Thursday, January 18, 2007

The Promise of Winter

One of my treasured books for this time of year is a book of winter reflections by Martin Marty. Commenting on black and white seasonal photos taken by his son, Dr. Marty believes winter is a promising time for spiritual reflection. As he notes,

Winter has its inevitable place in the human condition. Farmers know that in the rhythm of the year and the nature of the soil, there is a reason for fields to lie fallow for a season. So too we know that in the rhythm of the day and the nature of the soul, there are reasons for the pace of our thought and for our spiritual reflection to vary. (The Promise of Winter, p. 7)

The promise of winter, says Dr. Marty, is not an easy or inevitable spring. Rather the promise comes from God who speaks throughout the seasons. Sometimes the heavy snow slows us down, cancels all distractions, and causes us to be more careful with our lives. A good storm can also invite us to catch up with the inward movements of the soul that we've been too busy to notice.

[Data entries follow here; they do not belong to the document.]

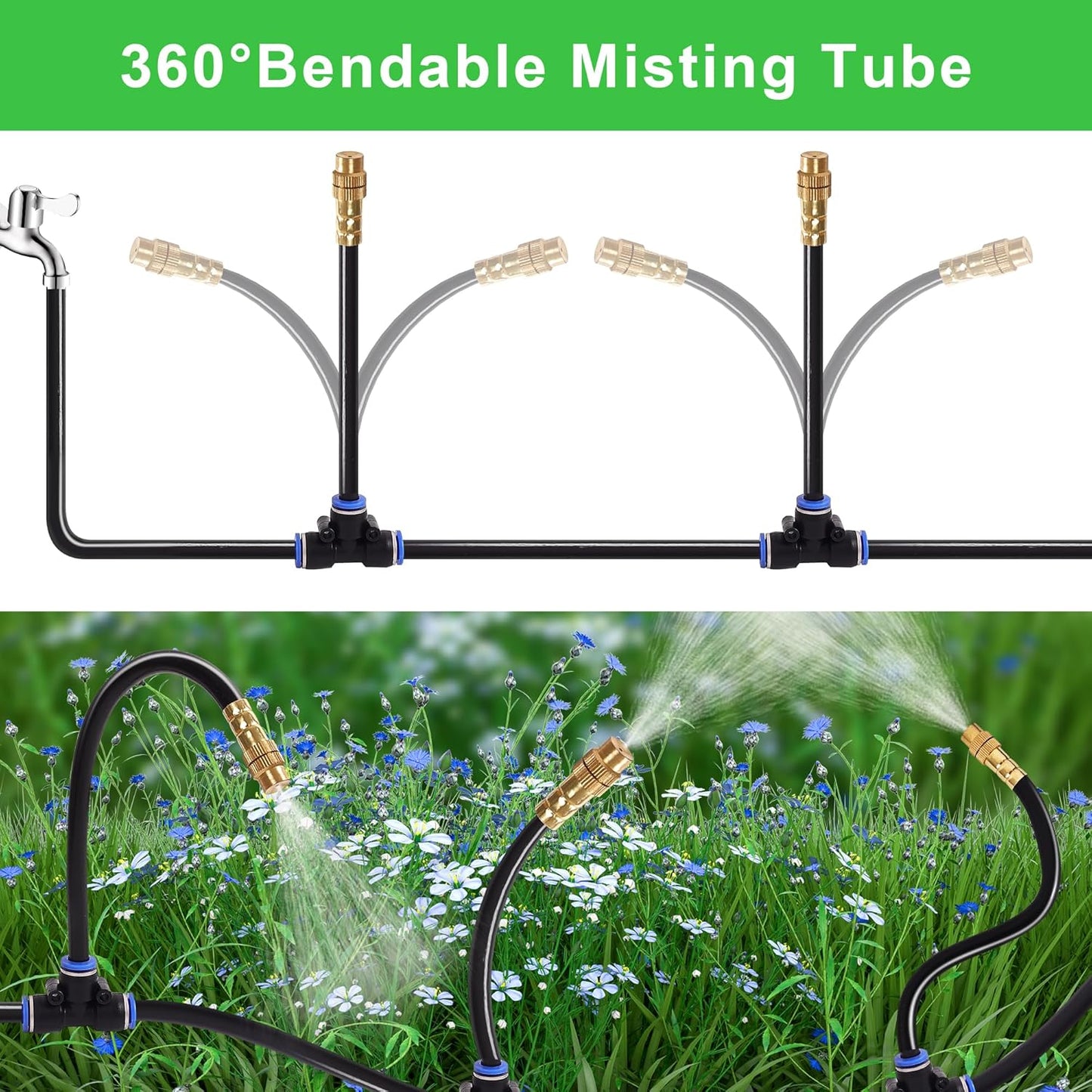 Drip Irrigation Kit, Flexible 360°Adjustable Watering System with Nozzle Control, Misting Hose for Garden, Greenhouse, Lawn, Yard & Potted Plants (49 Feets)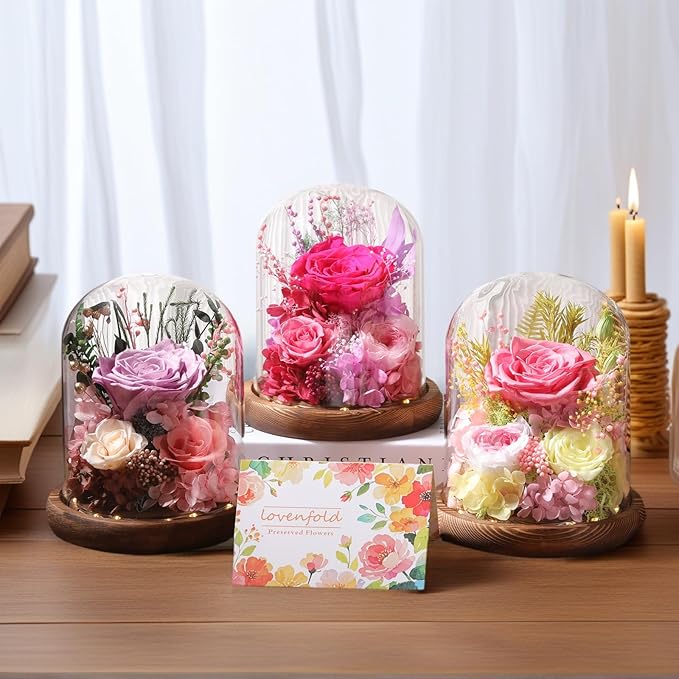 LOVENFOLD Flowers for Delivery Preserved Flowers lilac Roses with LED Light in a Glass Dome,Long Lasting Forever Flowers Birthday Gifts for Women Daughter Mom Wife Friend（lilac Rose）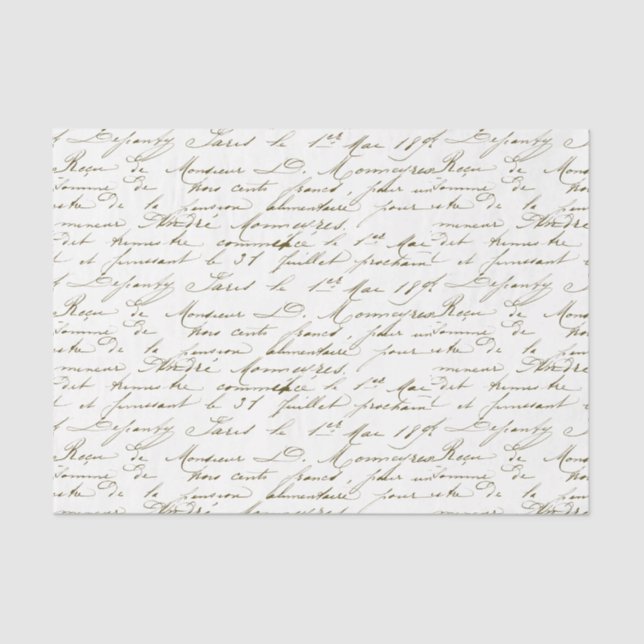 Papier Mousseline Écriture manuscrite vintage or français Script Cur (Recto)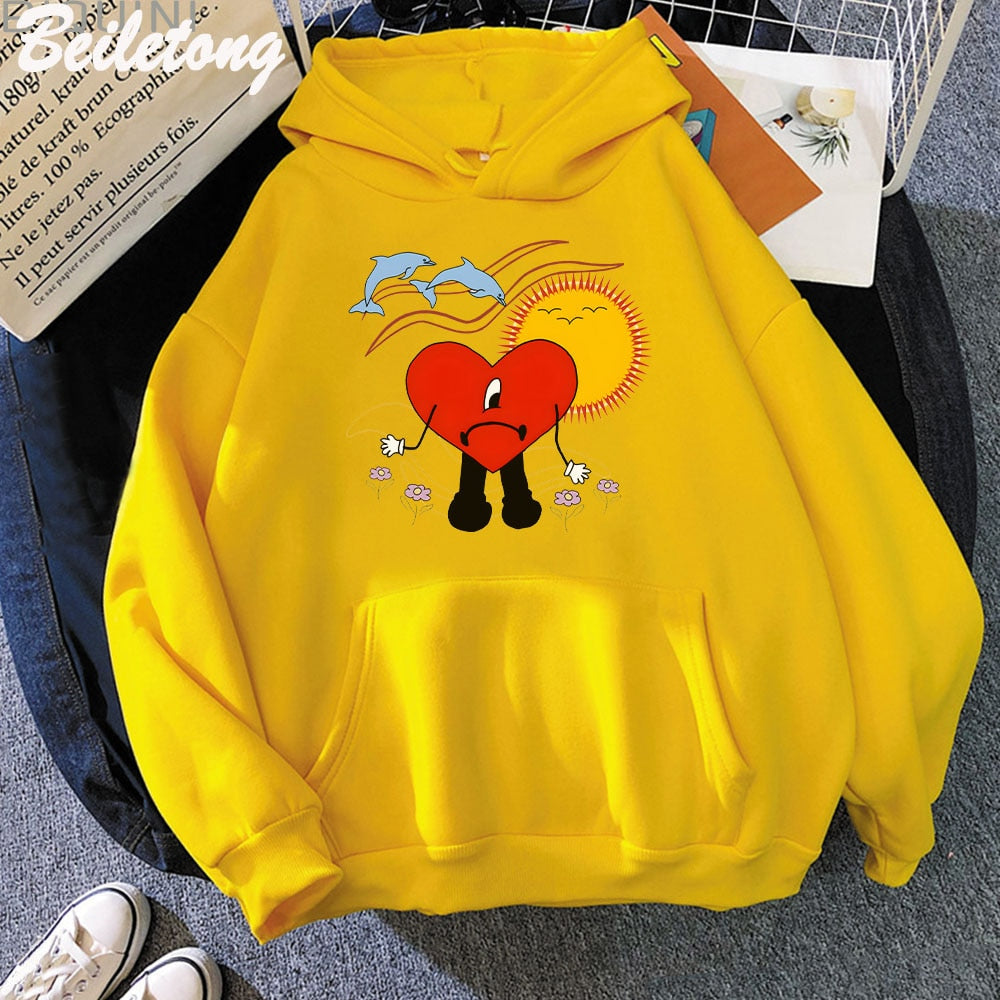 Un Verano Sin Ti Bad Bunny Print Hoodie Kawaii Clothing Aesthetic Loose Sweatshirts Ulzzang Long Sleeve Pullovers Sudadera Mujer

On a snow day I pulled on my boots and took the camera outside. The digital camera that normally sees in color began to catch images in shades of black and white. That seems to be the invitation, not only of winter, but of the spiritual life. We can discover the places within us that have lost their luster, and we can reflect on the situations that beg for a fresh covering.

Meanwhile the snow still falls through no power of our own, and there's something purifying about it. The white blanket covers the grunge of an unkempt backyard. The lumps and dents in an uneven lawn are leveled off. Dull ordinary things suddenly look better than we expected. It's true that a snowfall can present a necessary burden to remove or blow away. But it can also create new forms of beauty.

What do we need most - beauty or burden - as we begin our late winter journey toward the cross?

Keep the faith, and drive carefully out there.